口中說著慚愧,麵色還是平靜如故。兩人都心照不宣地彼此客氣著,家長裏短迂回試探,誰也不肯先說出心中盤算。

終了還是楊氏按捺不住,將話頭引到喜宴那日,袁璧君提議的親事上去。

“這個家裏,也就隻剩你還惦記著三媽媽。既有這份孝心,我也很承你的情,舍不得不多為你著想。文遠呐,你大媽媽的娘家親大哥膝下有位行四的嫡小姐,閨名喚書琴的,說起來你倆小時候還在小花園裏遠遠見過一麵,記不記得?”

不待安陵清答言,又接著續道:“那位袁書琴小姐,生得好模樣,還念過教會女學,是個新派的大家閨秀,尚未婚配呢。”

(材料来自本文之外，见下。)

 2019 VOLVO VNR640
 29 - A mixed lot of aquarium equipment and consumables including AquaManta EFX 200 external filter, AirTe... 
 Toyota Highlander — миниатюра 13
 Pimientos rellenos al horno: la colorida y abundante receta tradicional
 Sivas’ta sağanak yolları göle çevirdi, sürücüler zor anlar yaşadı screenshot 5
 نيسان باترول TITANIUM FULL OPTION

說到最後四個字,安陵清當然知道是什麼意思。但他心思全不在此,挑了挑眉:“唔?不記得。”

楊氏見他不鹹不淡的,心自先冷了三分,無奈在袁氏那兒已拍過胸脯子的,好不容易開了頭了,箭在弦上,必得說完才肯罷休。

“你若沒什麼意見,我趕明兒去給你大媽媽回個話……”。安陵清臉上沒什麼表情,不冷不熱地將話截住:“不必了,多謝三媽媽費心。”

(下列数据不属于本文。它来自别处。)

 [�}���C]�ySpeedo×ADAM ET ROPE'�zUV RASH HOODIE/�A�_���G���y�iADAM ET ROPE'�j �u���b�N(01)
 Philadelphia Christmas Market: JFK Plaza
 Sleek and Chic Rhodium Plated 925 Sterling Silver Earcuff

話罷仰頭飲盡一杯,取過自斟銀壺,先給楊氏的杯子滿上。他今晚喝得不少,但絲毫不顯醉意。眸光一斂,深邃的黑瞳裏驟然聚起寒芒。

“做人若是沒有立場,把全副力氣耗在左搖右擺上,並不是什麼明哲保身的聰明法子。搖擺得久了,腰也就挺不直,終究要倒,一倒下可能再也沒有機會爬起來。三媽媽以為如何?”

楊氏冷不防遭此一嗆,麵上陣陣青紅皂白,待神魂甫定,顫巍巍一掌拍擊在桌上,腕上套著的青玉貴妃鐲哢一下裂成兩半,碎片飛濺了出去。“你說的這叫什麼話!我……我也是你的母親!”

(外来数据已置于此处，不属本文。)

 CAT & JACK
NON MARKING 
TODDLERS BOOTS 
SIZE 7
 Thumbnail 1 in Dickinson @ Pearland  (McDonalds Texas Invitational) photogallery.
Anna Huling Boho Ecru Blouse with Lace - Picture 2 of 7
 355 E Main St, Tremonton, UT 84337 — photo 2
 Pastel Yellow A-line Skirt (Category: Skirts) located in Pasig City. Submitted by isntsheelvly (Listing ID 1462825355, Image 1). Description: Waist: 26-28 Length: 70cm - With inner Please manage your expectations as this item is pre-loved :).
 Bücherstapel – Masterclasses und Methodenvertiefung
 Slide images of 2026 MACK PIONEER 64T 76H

安陵清坐得四平八穩,背脊仍舊挺直,卻將嗓子刻意壓低了幾分:“良言逆耳,當然不是那麼動聽。三媽媽稍安勿躁,吵吵嚷嚷的讓外頭下人聽見成什麼了?萬一造謠你我母子失和,豈非得不償失。坐吧,我還有要緊事同三媽媽商量。”

楊巧如胸口一起一伏的,脾氣發過了,卻像一拳砸進棉花裏,又被綿裏藏著的針給紮了一下,說不出的難受。鼻子一酸,淚珠子止不住地滾落。都說路是越走越寬,偏她頭頂上這片屋簷怎麼就越壓越低。這麼多年熬下來,著實的不易,末了也隻能服軟。她扶著桌邊坐下,嗓子眼裏一抽一抽,像有好多話,待說從頭,又不知從哪裏說起。自從安陵珂遠嫁,跟前連個能訴訴苦的人也沒了。